An annuity is a contract in which a lump sum payment or series of payments are made to an insurance company by an owner who in return obtains regular disbursements beginning either immediately or at some point in the future. The goal of annuities is to provide a steady stream of income during retirement to meet a specific goal, such as:
- Protect the principal
- Provide lifetime income
- Cover long-term care costs
- Leave a legacy
Even though annuities are commonly thought of as investments, they are not; they are contracts very similar to insurance contracts. Annuities became popular in the U.S. during the Great Depression when people began to worry about stock market volatility endangering their retirement. Today, with pension plans becoming less common, many retirees look toward annuities as an option to create guaranteed income streams for their retirement.

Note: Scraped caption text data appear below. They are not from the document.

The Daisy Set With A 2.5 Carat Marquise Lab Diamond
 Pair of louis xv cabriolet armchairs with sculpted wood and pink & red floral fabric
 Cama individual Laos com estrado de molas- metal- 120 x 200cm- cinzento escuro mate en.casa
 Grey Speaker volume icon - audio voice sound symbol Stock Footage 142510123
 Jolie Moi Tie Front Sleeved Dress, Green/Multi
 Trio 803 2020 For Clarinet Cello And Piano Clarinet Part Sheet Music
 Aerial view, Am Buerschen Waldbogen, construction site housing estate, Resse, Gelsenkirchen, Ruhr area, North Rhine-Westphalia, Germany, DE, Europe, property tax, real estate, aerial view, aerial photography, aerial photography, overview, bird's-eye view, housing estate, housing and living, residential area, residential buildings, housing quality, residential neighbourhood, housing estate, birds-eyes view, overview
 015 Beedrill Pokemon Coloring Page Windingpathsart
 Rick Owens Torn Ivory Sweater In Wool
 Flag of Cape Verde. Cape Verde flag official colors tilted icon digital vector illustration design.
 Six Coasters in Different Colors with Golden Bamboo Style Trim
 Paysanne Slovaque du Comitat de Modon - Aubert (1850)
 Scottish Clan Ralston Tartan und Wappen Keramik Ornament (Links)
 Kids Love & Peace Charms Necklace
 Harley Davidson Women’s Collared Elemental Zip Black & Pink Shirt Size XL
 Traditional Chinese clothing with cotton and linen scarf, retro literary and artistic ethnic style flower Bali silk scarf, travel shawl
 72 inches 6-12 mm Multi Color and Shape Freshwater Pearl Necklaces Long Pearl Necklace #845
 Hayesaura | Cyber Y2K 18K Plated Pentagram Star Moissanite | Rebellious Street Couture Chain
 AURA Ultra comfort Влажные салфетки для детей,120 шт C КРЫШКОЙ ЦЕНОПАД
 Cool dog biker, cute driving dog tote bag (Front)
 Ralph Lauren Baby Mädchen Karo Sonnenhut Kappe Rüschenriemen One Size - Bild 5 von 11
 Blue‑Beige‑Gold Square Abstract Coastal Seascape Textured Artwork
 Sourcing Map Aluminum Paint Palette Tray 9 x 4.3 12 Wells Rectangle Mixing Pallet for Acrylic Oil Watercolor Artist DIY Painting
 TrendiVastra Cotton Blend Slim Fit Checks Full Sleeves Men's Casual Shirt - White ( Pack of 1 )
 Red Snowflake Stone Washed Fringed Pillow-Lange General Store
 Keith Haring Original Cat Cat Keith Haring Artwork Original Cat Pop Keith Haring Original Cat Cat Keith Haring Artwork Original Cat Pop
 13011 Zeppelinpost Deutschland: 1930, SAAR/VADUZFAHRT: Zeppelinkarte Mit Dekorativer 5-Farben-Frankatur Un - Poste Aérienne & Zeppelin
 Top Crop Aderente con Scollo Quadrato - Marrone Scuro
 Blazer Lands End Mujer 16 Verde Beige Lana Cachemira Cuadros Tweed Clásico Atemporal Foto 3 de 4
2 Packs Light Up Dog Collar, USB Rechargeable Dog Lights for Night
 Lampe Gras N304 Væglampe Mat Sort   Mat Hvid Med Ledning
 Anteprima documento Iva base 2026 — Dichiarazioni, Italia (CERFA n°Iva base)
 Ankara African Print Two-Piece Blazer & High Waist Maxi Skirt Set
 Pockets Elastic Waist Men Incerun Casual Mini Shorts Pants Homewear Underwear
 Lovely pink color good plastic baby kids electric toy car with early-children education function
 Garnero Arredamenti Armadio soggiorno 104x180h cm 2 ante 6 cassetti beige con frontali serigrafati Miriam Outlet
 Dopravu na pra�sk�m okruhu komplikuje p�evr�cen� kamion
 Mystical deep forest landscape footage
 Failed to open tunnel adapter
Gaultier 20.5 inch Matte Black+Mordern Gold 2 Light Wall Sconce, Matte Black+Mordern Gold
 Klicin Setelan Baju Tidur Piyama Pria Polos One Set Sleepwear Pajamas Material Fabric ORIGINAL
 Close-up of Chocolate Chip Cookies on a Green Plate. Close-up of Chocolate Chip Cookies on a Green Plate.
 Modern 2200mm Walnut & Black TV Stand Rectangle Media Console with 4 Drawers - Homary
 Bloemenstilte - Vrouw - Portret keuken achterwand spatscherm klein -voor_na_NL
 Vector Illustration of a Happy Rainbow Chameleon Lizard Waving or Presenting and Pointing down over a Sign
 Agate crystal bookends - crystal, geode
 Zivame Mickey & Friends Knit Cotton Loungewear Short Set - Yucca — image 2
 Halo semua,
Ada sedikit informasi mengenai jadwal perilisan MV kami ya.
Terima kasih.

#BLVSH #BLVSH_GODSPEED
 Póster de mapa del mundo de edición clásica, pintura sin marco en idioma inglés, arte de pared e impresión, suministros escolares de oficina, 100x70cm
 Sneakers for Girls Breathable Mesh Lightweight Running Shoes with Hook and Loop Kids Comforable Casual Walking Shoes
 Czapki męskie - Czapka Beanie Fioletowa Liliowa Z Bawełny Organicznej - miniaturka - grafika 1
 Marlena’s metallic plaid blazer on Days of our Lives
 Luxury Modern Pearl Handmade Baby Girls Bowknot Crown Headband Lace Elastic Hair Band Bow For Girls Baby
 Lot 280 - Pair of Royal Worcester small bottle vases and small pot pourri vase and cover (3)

A closer look at annuities
Annuities work by providing limited access to funds each year in much the same way that income is received from Social Security. The most common annuity we see for retirement income is a Deferred Indexed Annuity, which means a premium is deposited in early years and income grows in the contract. At a future date, the annuitization begins for supplemental income during retirement.
People spend the majority of their lives trying to accumulate wealth for retirement but very little time planning how to use their money when they need it. While there are numerous options available for an individual’s retirement funds, annuities are the only vehicle that can provide a consistent and stable income stream.
In short, an annuity does what no other investment can do: provide guaranteed income for the rest of your life no matter how long you live.